Christian Schlock And Awe
Michael Gerson, an Evangelical, can’t get over the awfulness of the new Christian movie God’s Not Dead. Excerpt:
But while “Noah” tries (and fails) to reconceptualize religion, the surprise hit “God’s Not Dead” positively discredits it. This movie is an extended exercise in evangelical wish fulfillment. (Freud is evidently not dead, either.) The plot: Fresh-faced Christian lad bests abusive, atheist philosophy professor at his own game, and then the professor converts just before he dies. Along the way, a Muslim girl gets beaten by her father and converts, and a liberal blogger gets cancer and converts. Everyone is a willing, pliant participant in a vivid fantasy, vaguely bringing to mind a very different kind of film.
The main problem with “God’s Not Dead” is not its cosmology or ethics but its anthropology. It assumes that human beings are made out of cardboard. Academics are arrogant and cruel. Liberal bloggers are preening and snarky (well, maybe the movie has a point here). Unbelievers disbelieve because of personal demons. It is characterization by caricature.
Gerson says most Evangelicals he knows don’t see human beings as “moral types and apologetic tools,” which means “Evangelical lives are better than their art.” Gerson continues:
[True religious art] finds hints of grace among the ruins of broken lives, where most of us can only hope to find it. Art is truly religious only when it is fully human.
True. You all know how much the Divine Comedy means to me. I believe that God spoke to me through it, calling me out of a dark wood I found myself in as a result of my spectacular defeat in moving home. The Commedia comes out of a place of profound brokenness in Dante’s life, and the characters he creates in the poem are so intensely, vividly human. I had always kind of assumed that the Commedia was a medieval Christian morality play, with Good and Evil neatly and boringly drawn. Not at all. Not at all! Good and Evil are plain as day in the poem, but Good and Evil as they are incarnated in flawed human beings — and we are all flawed human beings — is anything but clear. And that’s why the Commedia speaks with such revelatory power even today, seven centuries later. The Commedia revealed love and redemption in the ruins of hope. And it helped me find meaning and a new, very different kind of hope.
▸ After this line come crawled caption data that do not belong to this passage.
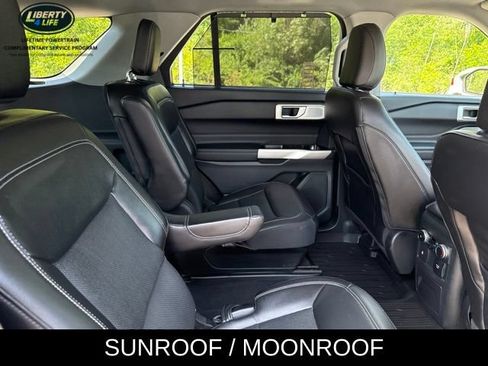 Used 2023 Ford Explorer Limited w/ Limited Technology Package AWD/4WD image 11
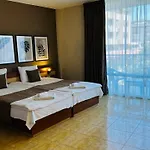 Hotel Queen Nelly 4*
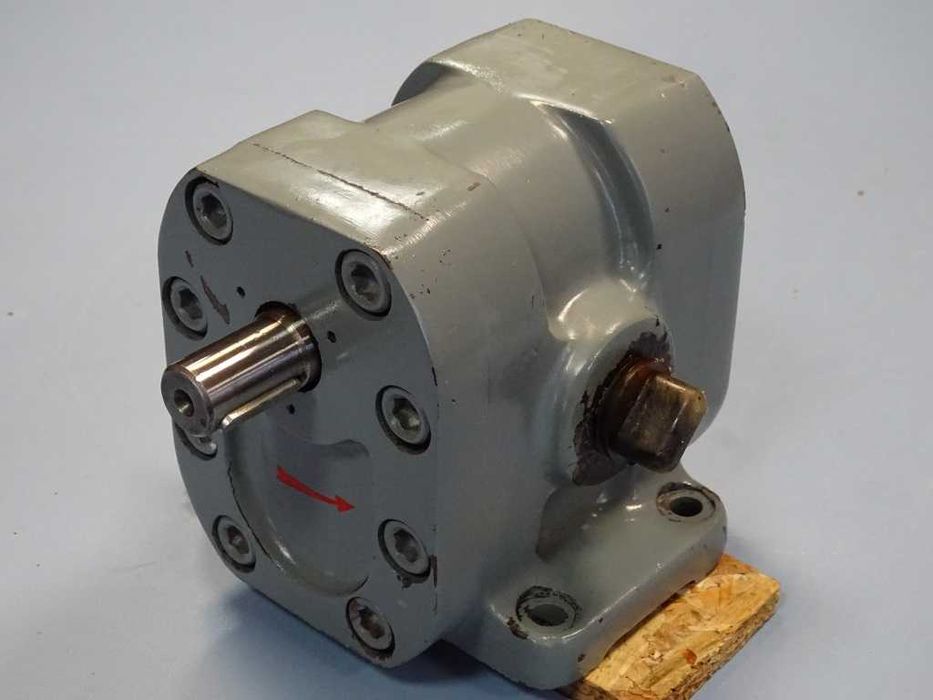 хидравлична помпа Г11-23А 25L/min 1450min-1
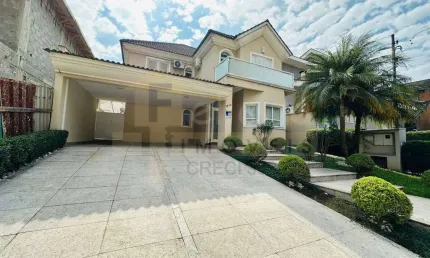 Casa para alugar em Alphaville de 310.00m² com 4 Quartos e 4 Garagens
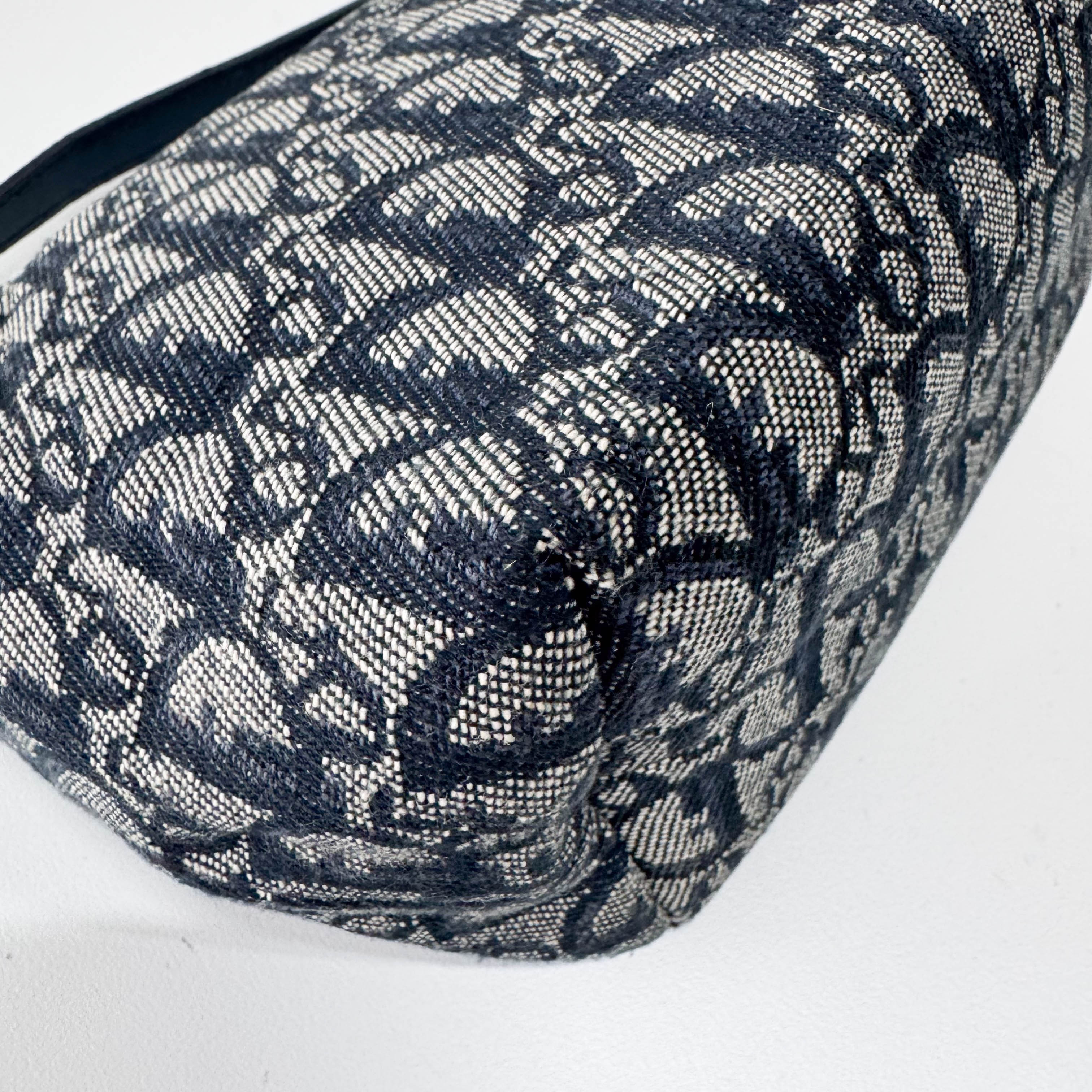 Trotter Navy Canvas Pouch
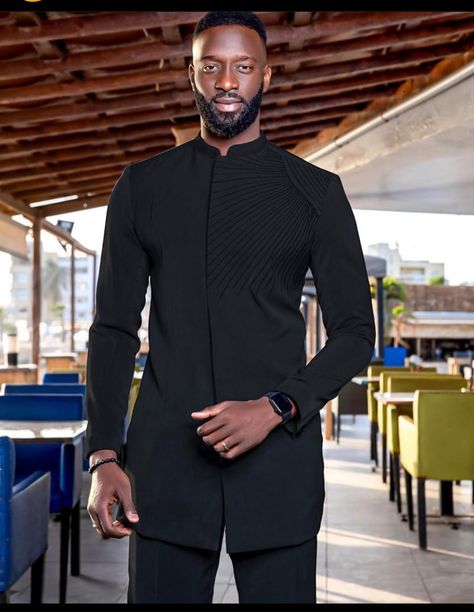 Black Native Wears For Nigerian Men, African Man Outfit, Native Wears For Nigerian Men, Embroidery Shirt Men, Kaftan Design, Classy Short Dresses, Costume Africain, African Suit, African Wear Styles For Men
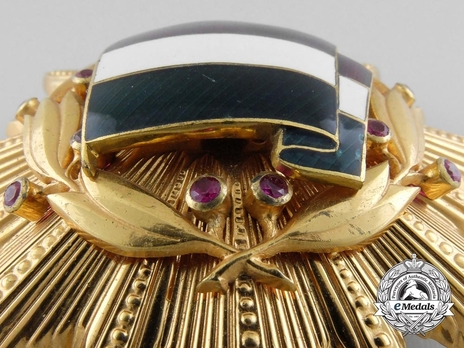 I Class with Rubies (1956-1976) Obverse Detail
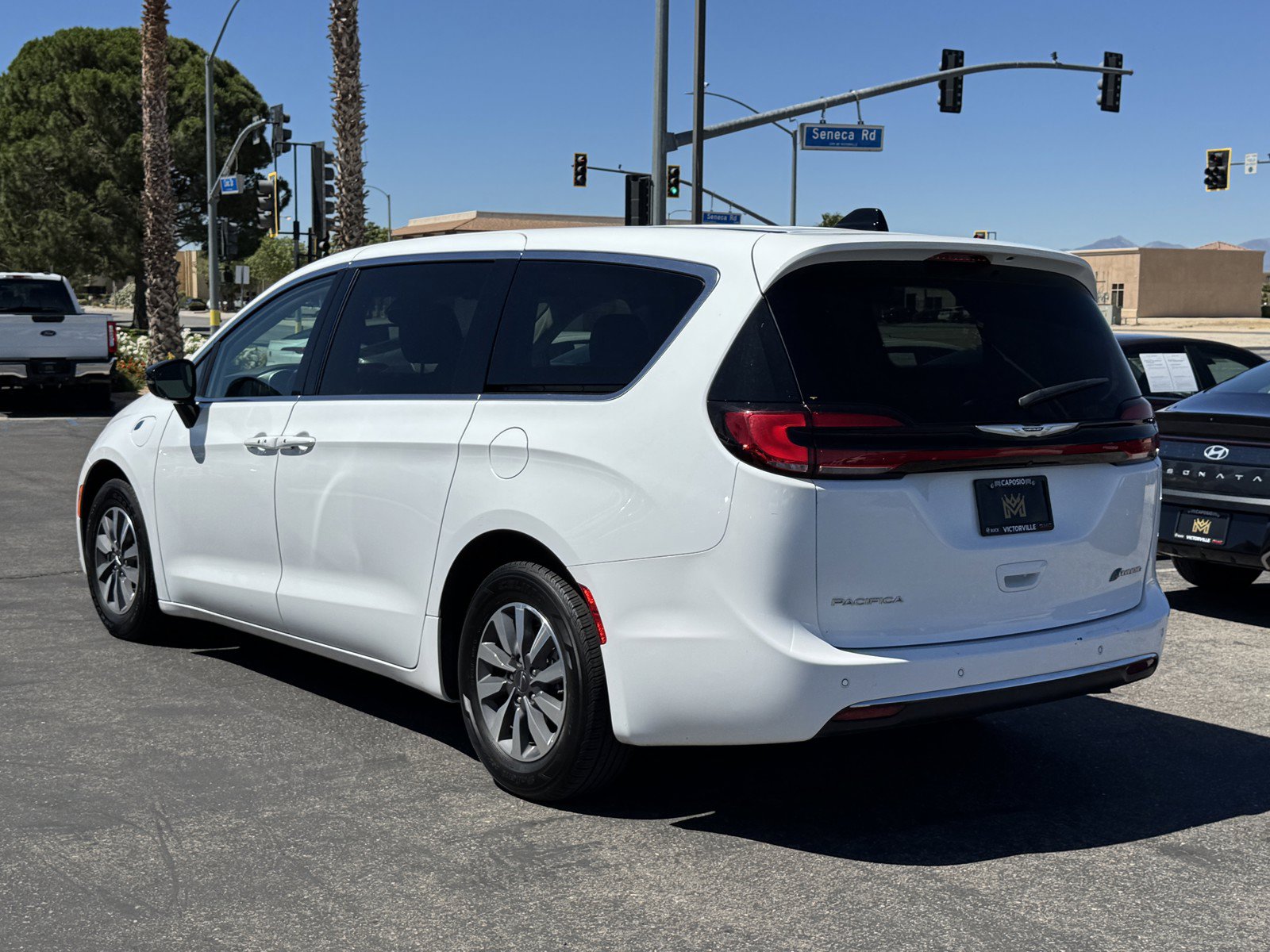 Used 2024 Chrysler Pacifica Limited FWD image 4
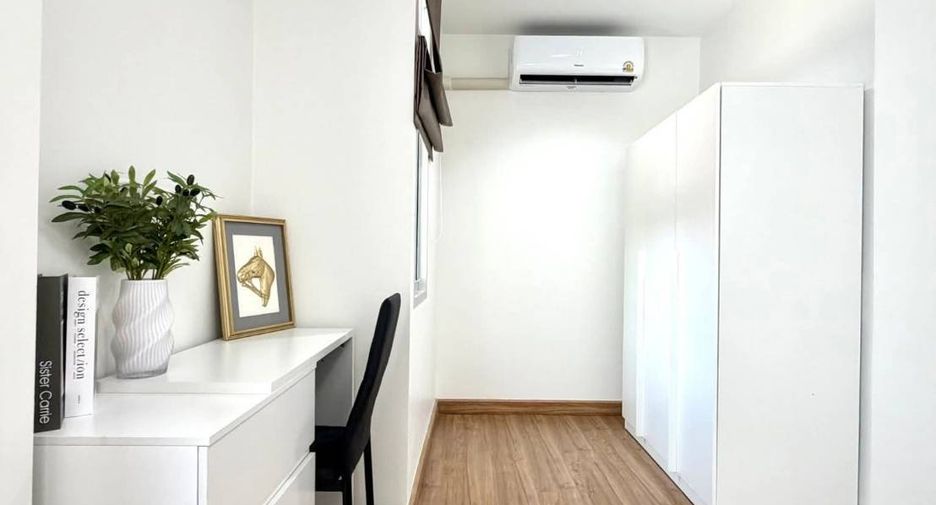 For rent 3 bedrooms townhouse in Thalang, Phuket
I looked at the website for God’s Not Dead, to see what more I could learn about it. Here’s one testimonial to it; all the others are like this:
“God’s Not Dead- the movie is a rallying cry for Churches to equip and encourage believers to reach non-believers with the Gospel. It provides reasons to believe and confidence to take a stand for Christ in an increasingly secular society.”
If Michael Gerson’s description of the plot is accurate, then the blindness of people like this commenter as to how storytelling works is really something else. Is there reason for anyone who isn’t already converted to believe after seeing a propaganda movie like this? Once I was at a private screening of an expensively produced teaching series intended to help college students confront pressing moral questions from a Christian point of view. The production values were high, and the intentions of the filmmakers were impeccable, but the content was so canned, the answers all pre-digested and formulaic, that the thing most probably would act as a vaccination against contracting an interest in what Christianity truly has to say about life and its challenges.
You’ve heard me say it a million times, and you’ll hear me say it again: At 17, I thought I knew everything there was to know about Christianity. It had pat answers for everything, and existed to build a tidy, happy-clappy structure within which to shelter from life’s tragedies and life’s big questions. And then I saw the Chartres cathedral, and knew from my shock and awe that I had been all wrong.